To support peace, the agreement created a power-sharing government in Northern Ireland, with representatives from both sides of the conflict. It also established the Independent Commission on Policing for Northern Ireland, which I chaired, to reform the police service. Our efforts helped to reduce attacks on the police by making them acceptable to all groups, and led to a substantial increase in the recruitment of Catholics, among other things.
Once the agreement was signed, the status of both Britain and Ireland as European Union members made the transition incomparably easier. Just like that, the border between them was little more than a line on the map: there were no barriers, customs posts, or other divisive symbols to show where one country ended and the other began. Trade and people could move freely between them.

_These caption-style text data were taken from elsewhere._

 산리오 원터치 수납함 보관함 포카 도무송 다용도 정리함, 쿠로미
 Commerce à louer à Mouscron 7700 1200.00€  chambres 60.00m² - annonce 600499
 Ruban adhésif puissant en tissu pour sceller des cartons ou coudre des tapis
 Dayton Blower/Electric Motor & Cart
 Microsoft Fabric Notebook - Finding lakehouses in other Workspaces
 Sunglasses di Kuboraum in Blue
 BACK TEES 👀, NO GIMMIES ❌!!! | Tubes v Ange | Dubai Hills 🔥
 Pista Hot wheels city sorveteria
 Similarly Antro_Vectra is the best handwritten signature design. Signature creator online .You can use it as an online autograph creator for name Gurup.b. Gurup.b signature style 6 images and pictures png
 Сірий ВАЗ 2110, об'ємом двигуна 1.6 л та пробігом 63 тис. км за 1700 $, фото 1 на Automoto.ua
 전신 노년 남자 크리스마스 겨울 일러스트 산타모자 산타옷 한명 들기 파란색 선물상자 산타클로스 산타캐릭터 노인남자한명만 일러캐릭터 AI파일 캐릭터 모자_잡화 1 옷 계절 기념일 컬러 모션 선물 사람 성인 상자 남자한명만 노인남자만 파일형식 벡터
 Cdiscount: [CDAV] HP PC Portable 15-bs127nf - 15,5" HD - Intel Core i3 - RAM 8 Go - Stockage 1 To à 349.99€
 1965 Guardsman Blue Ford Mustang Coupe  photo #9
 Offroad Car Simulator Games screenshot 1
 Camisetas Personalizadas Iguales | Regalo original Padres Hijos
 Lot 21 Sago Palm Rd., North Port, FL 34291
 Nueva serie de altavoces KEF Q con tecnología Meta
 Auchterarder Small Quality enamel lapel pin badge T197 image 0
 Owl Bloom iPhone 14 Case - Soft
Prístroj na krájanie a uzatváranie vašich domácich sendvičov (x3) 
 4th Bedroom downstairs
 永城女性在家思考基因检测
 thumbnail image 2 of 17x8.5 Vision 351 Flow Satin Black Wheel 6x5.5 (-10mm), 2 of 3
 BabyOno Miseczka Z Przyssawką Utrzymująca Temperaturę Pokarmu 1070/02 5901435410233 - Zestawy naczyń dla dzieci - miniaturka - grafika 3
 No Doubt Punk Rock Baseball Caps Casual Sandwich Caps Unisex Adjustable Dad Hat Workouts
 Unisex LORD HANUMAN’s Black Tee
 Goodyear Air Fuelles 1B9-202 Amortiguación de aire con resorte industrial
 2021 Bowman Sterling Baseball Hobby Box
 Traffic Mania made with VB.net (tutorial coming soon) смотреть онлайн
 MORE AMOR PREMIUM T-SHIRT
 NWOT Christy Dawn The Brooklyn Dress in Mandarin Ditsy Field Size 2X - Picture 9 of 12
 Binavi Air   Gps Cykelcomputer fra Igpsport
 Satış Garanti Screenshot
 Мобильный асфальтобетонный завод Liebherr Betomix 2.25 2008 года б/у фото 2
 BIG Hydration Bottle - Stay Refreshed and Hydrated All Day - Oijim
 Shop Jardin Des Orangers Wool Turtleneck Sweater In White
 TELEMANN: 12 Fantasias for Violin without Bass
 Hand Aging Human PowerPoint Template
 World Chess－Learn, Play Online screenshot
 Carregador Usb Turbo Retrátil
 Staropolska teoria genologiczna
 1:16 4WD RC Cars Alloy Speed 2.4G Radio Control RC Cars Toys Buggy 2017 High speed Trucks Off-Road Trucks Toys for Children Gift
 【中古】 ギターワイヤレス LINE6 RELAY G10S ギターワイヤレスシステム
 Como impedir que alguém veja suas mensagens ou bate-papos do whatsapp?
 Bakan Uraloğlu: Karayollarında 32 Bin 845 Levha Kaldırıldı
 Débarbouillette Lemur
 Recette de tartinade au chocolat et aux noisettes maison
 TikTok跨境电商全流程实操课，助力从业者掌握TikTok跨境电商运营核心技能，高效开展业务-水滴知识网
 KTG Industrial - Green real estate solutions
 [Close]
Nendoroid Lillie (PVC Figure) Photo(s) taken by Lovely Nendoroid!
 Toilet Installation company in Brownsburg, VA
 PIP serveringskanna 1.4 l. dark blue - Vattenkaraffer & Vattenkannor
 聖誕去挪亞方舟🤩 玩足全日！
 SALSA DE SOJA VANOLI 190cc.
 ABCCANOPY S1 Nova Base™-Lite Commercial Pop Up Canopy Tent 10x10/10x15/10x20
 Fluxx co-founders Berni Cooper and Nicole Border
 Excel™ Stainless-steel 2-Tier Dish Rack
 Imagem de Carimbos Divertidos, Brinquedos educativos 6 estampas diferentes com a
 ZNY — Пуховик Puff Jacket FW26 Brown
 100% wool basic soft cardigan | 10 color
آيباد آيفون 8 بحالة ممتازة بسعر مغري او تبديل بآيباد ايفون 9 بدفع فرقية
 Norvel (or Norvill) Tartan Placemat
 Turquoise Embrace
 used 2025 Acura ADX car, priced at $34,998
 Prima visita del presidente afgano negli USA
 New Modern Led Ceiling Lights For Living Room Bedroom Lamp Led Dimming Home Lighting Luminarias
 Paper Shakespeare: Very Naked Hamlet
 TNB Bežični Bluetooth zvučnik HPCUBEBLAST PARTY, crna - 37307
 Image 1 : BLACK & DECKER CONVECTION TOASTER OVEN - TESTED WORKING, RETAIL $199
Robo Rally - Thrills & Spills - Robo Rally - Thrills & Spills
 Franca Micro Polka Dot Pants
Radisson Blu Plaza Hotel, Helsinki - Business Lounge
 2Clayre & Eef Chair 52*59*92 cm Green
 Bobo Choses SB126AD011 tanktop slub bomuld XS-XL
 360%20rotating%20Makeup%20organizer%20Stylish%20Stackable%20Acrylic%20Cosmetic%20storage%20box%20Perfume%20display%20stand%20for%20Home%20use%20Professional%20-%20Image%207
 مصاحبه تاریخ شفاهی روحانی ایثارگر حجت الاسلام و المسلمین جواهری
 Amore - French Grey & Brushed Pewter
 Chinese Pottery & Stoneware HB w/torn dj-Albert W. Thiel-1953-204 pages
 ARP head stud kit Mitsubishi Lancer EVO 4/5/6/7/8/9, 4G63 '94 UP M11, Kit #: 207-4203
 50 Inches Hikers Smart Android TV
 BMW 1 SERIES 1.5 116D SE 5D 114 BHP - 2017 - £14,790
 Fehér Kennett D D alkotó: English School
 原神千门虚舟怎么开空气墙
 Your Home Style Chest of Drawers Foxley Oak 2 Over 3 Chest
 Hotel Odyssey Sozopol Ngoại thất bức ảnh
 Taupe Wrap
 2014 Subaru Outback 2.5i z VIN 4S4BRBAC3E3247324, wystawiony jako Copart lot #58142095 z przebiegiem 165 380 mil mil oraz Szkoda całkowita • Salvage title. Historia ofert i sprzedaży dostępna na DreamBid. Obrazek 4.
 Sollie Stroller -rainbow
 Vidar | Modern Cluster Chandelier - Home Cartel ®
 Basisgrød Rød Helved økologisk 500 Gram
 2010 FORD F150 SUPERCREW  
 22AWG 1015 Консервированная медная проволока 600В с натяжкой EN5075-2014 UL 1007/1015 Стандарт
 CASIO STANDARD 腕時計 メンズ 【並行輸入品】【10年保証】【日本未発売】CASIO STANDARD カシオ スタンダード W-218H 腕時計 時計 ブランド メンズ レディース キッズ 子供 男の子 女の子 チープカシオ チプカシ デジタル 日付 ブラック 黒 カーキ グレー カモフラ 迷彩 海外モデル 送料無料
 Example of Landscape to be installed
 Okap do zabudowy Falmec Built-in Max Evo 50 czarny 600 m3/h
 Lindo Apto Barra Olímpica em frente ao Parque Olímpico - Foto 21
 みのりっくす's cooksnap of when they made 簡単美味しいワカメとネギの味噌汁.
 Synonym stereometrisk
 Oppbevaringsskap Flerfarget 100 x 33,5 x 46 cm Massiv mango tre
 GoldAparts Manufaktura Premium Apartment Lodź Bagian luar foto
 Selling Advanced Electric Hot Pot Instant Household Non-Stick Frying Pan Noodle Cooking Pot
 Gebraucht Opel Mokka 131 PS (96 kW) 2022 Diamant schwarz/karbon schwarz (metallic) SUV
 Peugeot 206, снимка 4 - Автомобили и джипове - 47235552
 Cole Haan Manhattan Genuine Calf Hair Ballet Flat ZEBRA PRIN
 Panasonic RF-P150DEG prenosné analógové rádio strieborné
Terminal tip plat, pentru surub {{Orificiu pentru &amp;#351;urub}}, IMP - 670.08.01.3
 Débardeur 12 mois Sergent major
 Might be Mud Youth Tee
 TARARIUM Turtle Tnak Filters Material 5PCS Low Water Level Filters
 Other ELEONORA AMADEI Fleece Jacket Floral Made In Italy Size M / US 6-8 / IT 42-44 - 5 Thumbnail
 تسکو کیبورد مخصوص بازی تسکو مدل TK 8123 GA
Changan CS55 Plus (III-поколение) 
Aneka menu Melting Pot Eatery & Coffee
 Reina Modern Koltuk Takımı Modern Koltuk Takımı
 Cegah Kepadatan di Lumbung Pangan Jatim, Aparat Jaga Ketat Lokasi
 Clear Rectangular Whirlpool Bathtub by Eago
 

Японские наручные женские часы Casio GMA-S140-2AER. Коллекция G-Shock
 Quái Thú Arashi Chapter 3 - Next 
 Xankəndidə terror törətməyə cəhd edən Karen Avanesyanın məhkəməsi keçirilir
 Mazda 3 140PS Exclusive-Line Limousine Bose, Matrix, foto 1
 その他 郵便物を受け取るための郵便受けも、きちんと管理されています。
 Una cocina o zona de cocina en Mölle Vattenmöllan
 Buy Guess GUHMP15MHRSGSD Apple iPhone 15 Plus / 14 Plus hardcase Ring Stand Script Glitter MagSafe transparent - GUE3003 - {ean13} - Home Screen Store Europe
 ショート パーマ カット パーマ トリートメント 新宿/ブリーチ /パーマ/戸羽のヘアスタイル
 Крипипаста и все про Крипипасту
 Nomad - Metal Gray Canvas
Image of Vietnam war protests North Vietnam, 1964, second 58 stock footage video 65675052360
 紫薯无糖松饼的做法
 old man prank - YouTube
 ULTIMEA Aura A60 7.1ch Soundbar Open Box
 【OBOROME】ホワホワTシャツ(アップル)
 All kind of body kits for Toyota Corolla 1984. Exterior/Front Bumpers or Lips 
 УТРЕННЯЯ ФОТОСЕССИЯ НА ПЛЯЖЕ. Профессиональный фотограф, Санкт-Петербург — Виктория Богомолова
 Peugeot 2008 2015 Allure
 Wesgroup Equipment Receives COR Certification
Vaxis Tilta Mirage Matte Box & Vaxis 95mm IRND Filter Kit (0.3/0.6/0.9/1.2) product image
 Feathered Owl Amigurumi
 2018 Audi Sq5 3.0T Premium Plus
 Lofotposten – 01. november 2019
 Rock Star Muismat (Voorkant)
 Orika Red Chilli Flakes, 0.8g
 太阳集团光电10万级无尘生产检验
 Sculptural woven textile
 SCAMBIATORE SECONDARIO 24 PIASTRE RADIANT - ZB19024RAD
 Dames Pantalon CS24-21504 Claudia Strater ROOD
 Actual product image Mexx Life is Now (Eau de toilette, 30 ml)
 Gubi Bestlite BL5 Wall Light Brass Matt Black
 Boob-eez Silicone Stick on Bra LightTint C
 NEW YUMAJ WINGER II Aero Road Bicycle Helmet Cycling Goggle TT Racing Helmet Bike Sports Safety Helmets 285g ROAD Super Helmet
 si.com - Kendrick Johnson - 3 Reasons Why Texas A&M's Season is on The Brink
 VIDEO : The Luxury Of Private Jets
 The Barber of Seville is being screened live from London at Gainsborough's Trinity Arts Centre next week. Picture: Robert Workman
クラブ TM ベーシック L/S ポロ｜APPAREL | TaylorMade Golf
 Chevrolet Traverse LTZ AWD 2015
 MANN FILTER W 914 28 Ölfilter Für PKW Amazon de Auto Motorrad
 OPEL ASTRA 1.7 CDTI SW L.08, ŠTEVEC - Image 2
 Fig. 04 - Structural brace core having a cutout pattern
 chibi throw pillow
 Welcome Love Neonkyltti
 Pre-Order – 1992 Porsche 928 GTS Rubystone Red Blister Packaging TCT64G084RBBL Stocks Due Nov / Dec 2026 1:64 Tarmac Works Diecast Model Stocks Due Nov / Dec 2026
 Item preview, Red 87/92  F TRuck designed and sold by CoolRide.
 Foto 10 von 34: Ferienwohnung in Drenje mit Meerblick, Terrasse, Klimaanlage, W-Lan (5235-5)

In fact, their status as European partners – ever since Ireland became a member of the European Communities in 1973 – has long reinforced the ties binding the UK and Ireland. To be sure, their violent history – which has included conquest, colonization, rebellion, and famine – has left deep-seated animosity. Yet, as European partners, not to mention neighbors in an archipelago off the west coast of Europe, they are inextricably connected. More than five million people in England, Wales, and Scotland have at least one Irish grandparent. Go back a generation further, and the number rises higher.
Over the last two decades, the UK and Ireland have enjoyed the fruits of a mutually respectful and peaceful relationship. There is certainly much for us British to admire in Ireland today: its economic growth, its cultural renaissance in literature and music, its appeal to immigrants from around the world, who now comprise 17% of the country’s population. With extraordinary maturity, Ireland has left behind narrow clericalism, and become a modern and generous state.
Yet serious challenges are now emerging. In Northern Ireland, the power-sharing government has broken down, and the UK government is not in a strong position to help restore constructive collaboration. In order to secure a working majority in the House of Commons after last year’s disastrous snap election, British Prime Minister Theresa May’s Conservatives made a deal with Northern Ireland’s Democratic Unionist Party, which has its roots in the more extreme unionist traditions. As a result, the UK government seems unable to act as an even-handed mediator.
The ongoing Brexit negotiations are complicating matters further, as nobody seems to know how to deal with the consequences for Northern Ireland and the Irish Republic, which will be divided by the UK’s border with the EU. While many politicians say they want a frictionless border, May and some of her colleagues have discussed leaving both the single market and the customs union, thereby putting the UK outside the tariff-free zone in which trade is facilitated by shared regulations. Northern Ireland, they assert, will have to have the same trade rules as the rest of the UK.
This leaves two possibilities: either a frictionless trade regime that operates throughout the British Isles, or a hard border across Ireland. After all, other EU countries are not going to allow only England, Scotland, and Wales to leave the single market and customs union, while leaving Northern Ireland in. That would make it far too easy to avoid regulations, such as rules of origin, with a non-EU country exporting goods to Ireland for onward shipment to the UK, or vice versa. Similar problems arise with regard to the free movement of people within the EU – a rule to which the UK does not want to be subject.
None of these challenges should come as a surprise. The warnings were issued a long time ago; the British government simply ignored them. Potential solutions remain a mystery, but the authorities will have to confront the question sooner or later.
There is certainly no easy technological solution. Any system of checks will inevitably involve some sort of physical control. The customs officers tasked with implementing those checks will inevitably become symbols of division, and potentially even a provocation to violence by republican extremists, as happened in the past. All it would take would be one attack to impel the government to boost security, deepening divisions and spurring more violence.
The reintroduction of a hard border in Ireland would be devastating, as it could undermine the Good Friday Agreement. One hopes that Irish leaders can impress this upon politicians in the UK, opening the way for a solution that doesn’t threaten Ireland’s hard-won peace and prosperity.